**WORK INSTRUCTIONS:**
Exact copies of the records below are needed, free of pictures.

**MATERIAL SUPPLIED:**
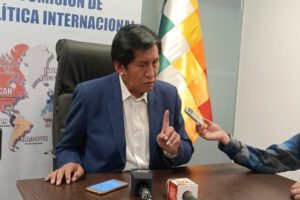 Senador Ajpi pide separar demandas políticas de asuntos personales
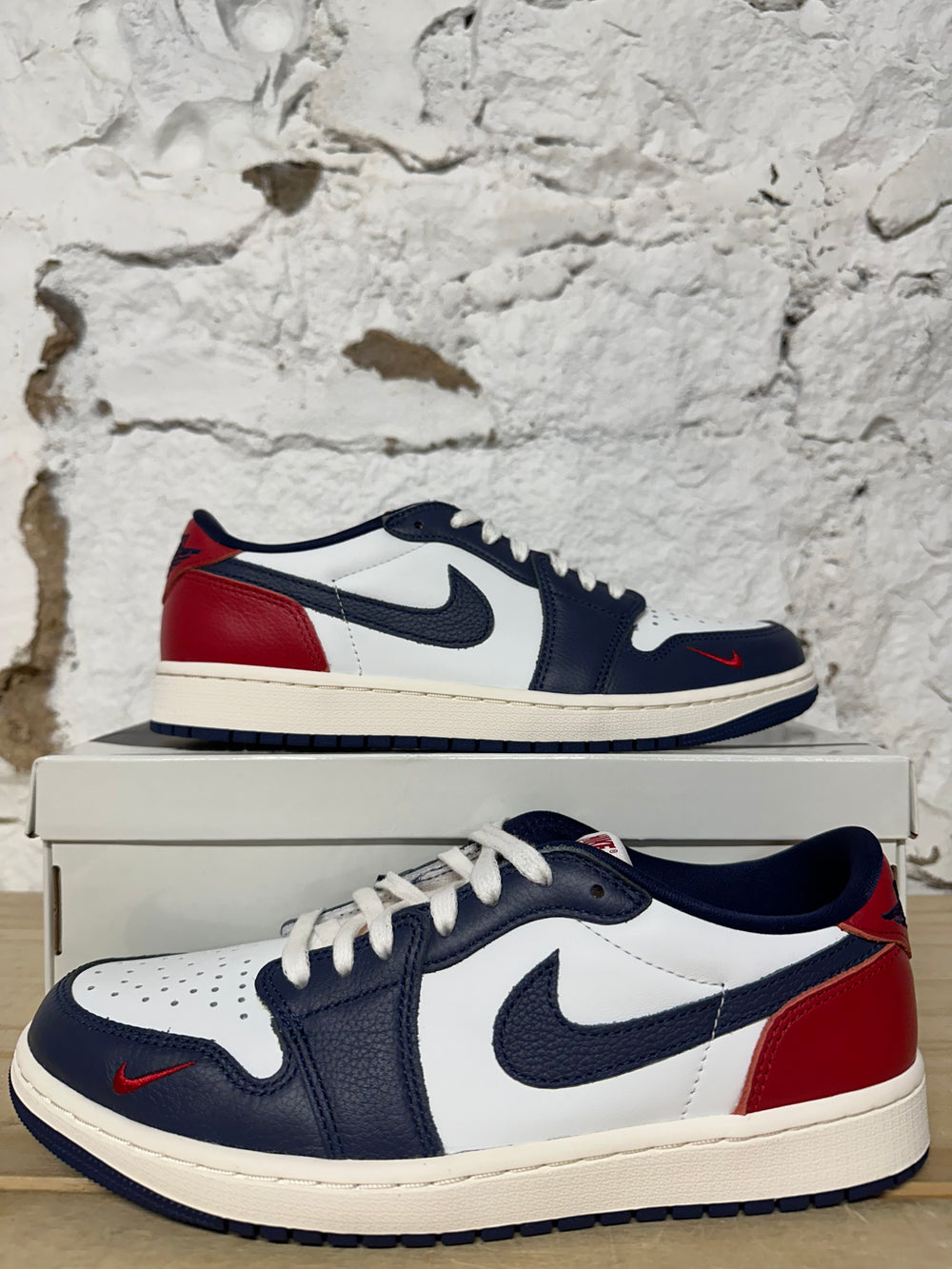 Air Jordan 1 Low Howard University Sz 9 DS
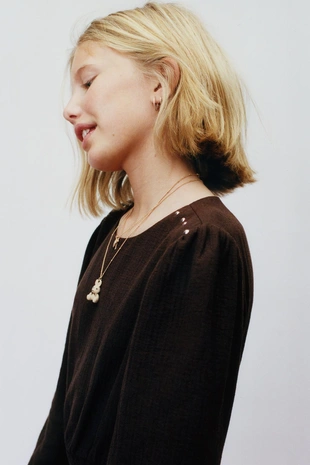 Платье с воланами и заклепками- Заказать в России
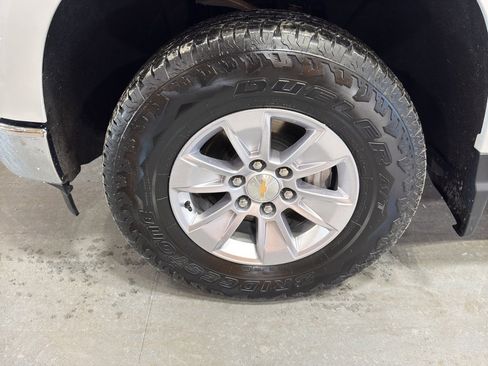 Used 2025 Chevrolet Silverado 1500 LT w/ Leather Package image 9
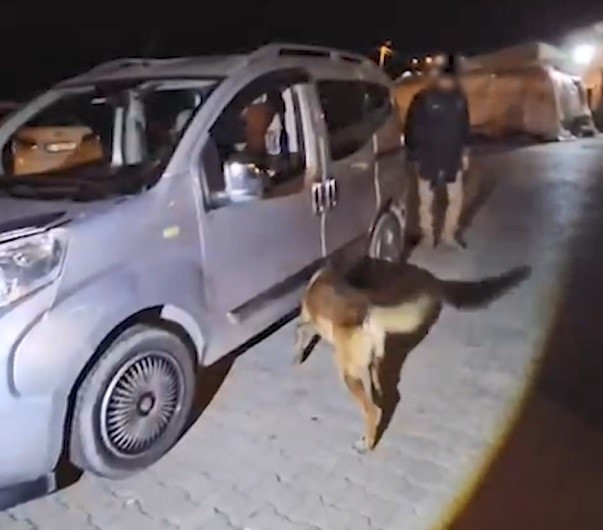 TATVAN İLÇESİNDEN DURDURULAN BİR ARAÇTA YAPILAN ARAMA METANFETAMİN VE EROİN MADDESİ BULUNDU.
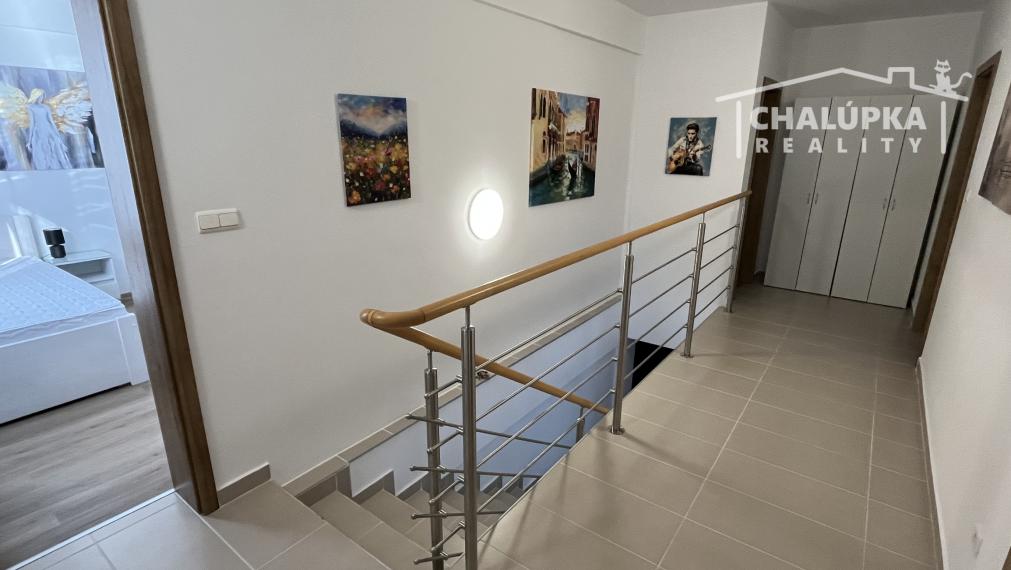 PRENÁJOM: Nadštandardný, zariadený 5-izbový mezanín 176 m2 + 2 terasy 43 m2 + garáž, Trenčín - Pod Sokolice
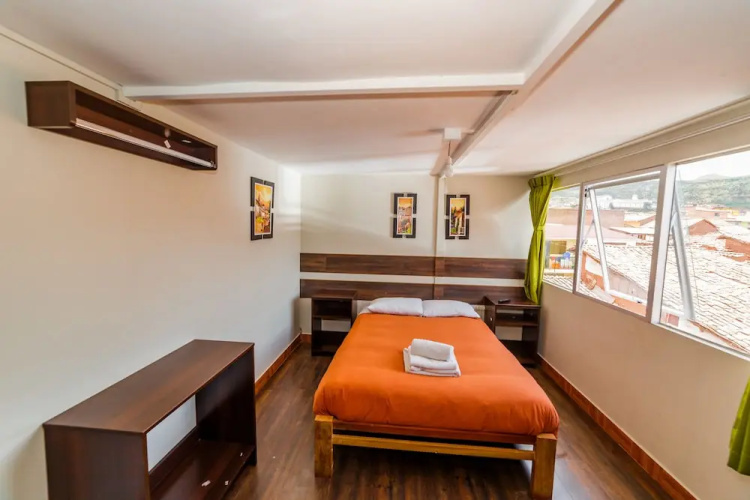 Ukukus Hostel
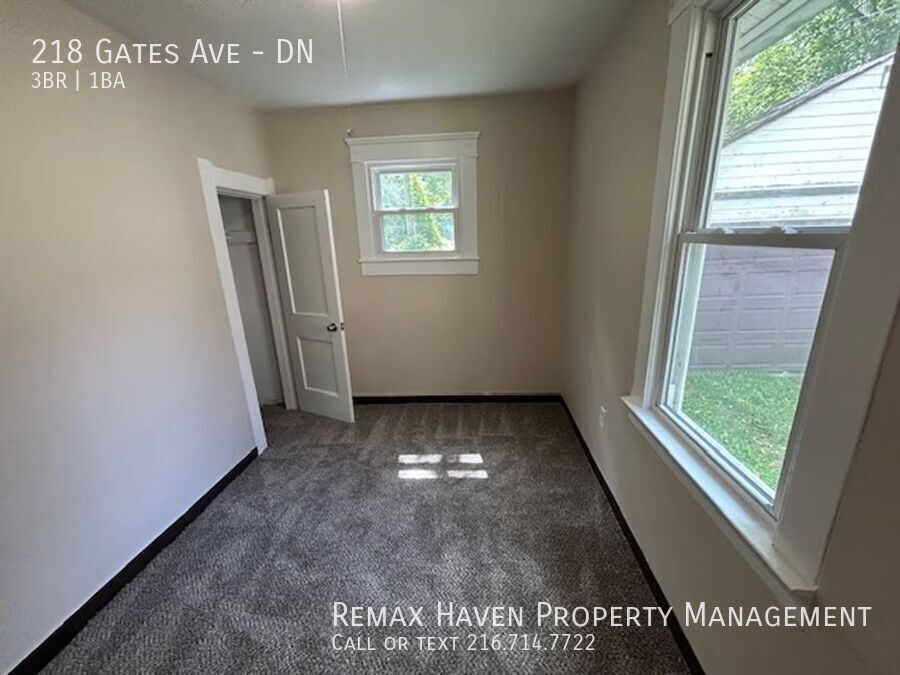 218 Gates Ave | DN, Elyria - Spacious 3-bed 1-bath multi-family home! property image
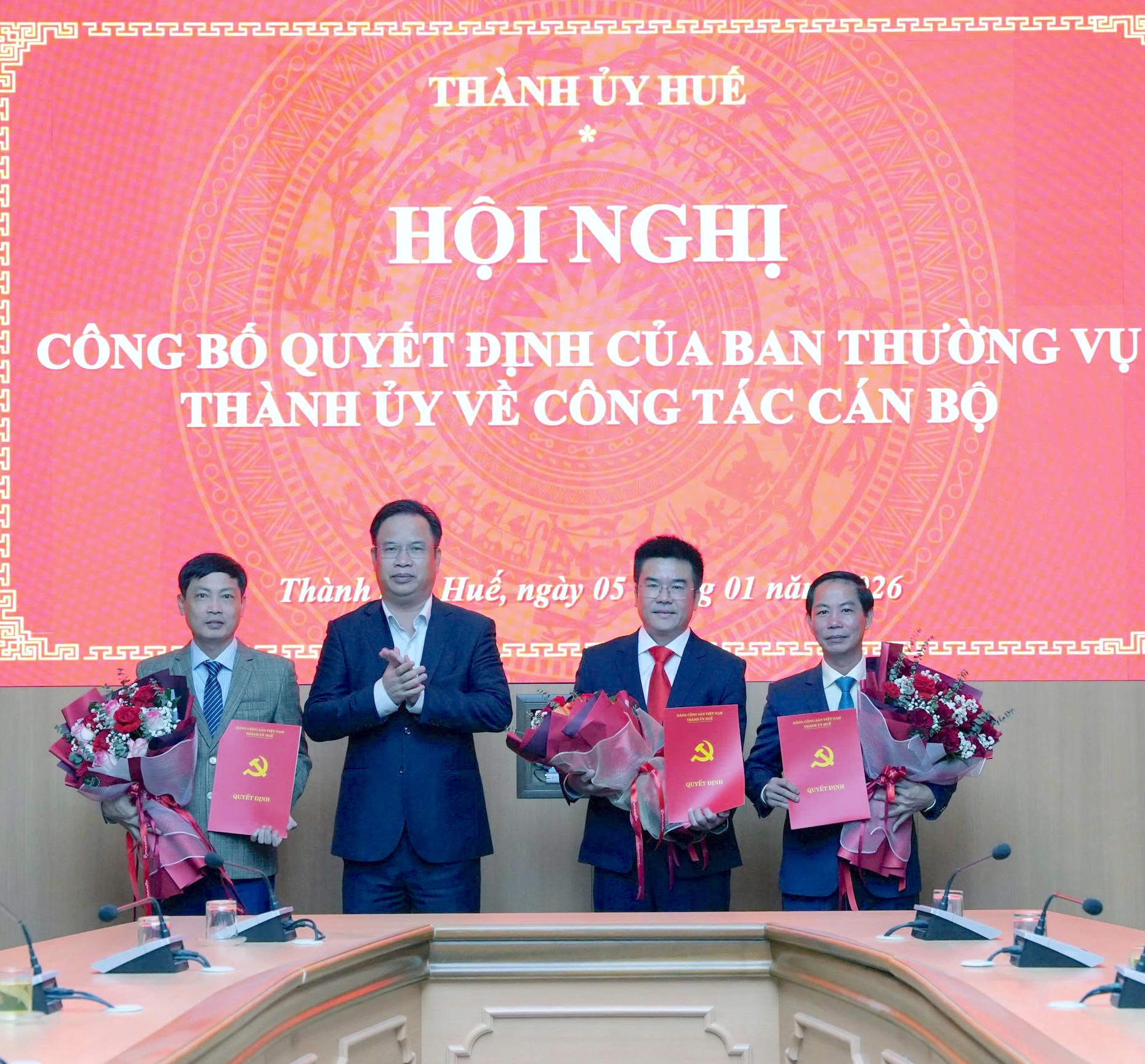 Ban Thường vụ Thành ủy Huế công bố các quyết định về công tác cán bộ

**EXERCISE OUTPUT:**
 Senador Ajpi pide separar demandas políticas de asuntos personales
 Air Jordan 1 Low Howard University Sz 9 DS
 Платье с воланами и заклепками- Заказать в России
 Used 2025 Chevrolet Silverado 1500 LT w/ Leather Package image 9
 TATVAN İLÇESİNDEN DURDURULAN BİR ARAÇTA YAPILAN ARAMA METANFETAMİN VE EROİN MADDESİ BULUNDU.
 PRENÁJOM: Nadštandardný, zariadený 5-izbový mezanín 176 m2 + 2 terasy 43 m2 + garáž, Trenčín - Pod Sokolice
 Ukukus Hostel
 218 Gates Ave | DN, Elyria - Spacious 3-bed 1-bath multi-family home! property image
 Ban Thường vụ Thành ủy Huế công bố các quyết định về công tác cán bộ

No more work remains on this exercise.